150ème
semaine
Du
lundi 10 au dimanche 16 juin 1917
DES
MORTS PAS TOUT A FAIT COMME LES AUTRES
Pierre-François
Roux, lieutenant au 38ème régiment d’artillerie
mort
le 12 juin 1917 à Chatel-Guyon de tuberculose rénale
Le monument aux morts d’Anduze porte
l’indication de deux morts pour la France s’appelant ROUX-PLANTIER, Pierre et
René.
Mais aucun document officiel ne
pointe sur ce nom double, il y a d’innombrables Roux, nom très fréquent dans le
sud du pays, nombre de Plantier aussi (voir nos semaines 51 et 119). En fait il
s’agit de deux frères dont la mère s’appelait Plantier avant son mariage, l’usage
public, même si non officiel, du nom composé devant permettre une meilleure
identification des individus et de leurs liens de famille.
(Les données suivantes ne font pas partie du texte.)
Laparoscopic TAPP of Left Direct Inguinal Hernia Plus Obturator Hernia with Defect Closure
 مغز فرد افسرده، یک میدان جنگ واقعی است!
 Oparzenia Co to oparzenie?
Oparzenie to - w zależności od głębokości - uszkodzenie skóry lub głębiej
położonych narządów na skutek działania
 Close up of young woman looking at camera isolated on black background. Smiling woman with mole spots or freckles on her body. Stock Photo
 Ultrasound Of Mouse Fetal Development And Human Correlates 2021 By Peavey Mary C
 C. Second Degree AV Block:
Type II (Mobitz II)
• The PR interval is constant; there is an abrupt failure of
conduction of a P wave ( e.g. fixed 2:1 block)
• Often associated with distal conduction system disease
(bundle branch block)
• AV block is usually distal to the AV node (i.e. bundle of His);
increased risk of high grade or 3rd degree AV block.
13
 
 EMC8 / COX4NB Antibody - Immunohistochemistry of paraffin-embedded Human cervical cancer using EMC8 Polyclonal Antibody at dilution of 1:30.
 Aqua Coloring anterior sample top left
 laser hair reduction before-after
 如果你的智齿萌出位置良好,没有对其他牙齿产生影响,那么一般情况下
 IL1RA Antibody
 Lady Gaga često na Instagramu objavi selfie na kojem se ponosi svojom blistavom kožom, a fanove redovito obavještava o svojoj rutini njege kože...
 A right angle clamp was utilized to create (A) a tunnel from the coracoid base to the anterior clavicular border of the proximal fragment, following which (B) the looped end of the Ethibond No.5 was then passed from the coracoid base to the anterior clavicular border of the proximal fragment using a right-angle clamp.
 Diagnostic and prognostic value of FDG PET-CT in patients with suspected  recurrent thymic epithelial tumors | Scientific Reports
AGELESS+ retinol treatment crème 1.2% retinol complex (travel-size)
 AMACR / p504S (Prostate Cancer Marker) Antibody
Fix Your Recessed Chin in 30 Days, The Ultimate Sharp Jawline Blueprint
Pierre-François Roux est le plus
âgé, il est né le 20 juillet 1889 à Anduze, de Clément-Jean-Antoine et de
Suzanne-Marguerite, née Plantier. Sur son registre matricule de 1909 il est
enregistré comme Francis-Pierre Roux,
étudiant en droit.
André-René Roux est né quatre ans
plus tard, le 3 juillet 1896 des mêmes parents. En 1915 il est encore étudiant, on le retrouvera la semaine prochaine.
Pierre-François Roux est incorporé
en 1910 au 19ème régiment d’artillerie comme soldat de 2ème
classe. Il reçoit alors diverses formations complémentaires qui lui permettent
de sortir avec le rang de sous-lieutenant de réserve. Dès le 2 août 1914 il est
affecté au 38ème régiment d’artillerie, 6ème compagnie.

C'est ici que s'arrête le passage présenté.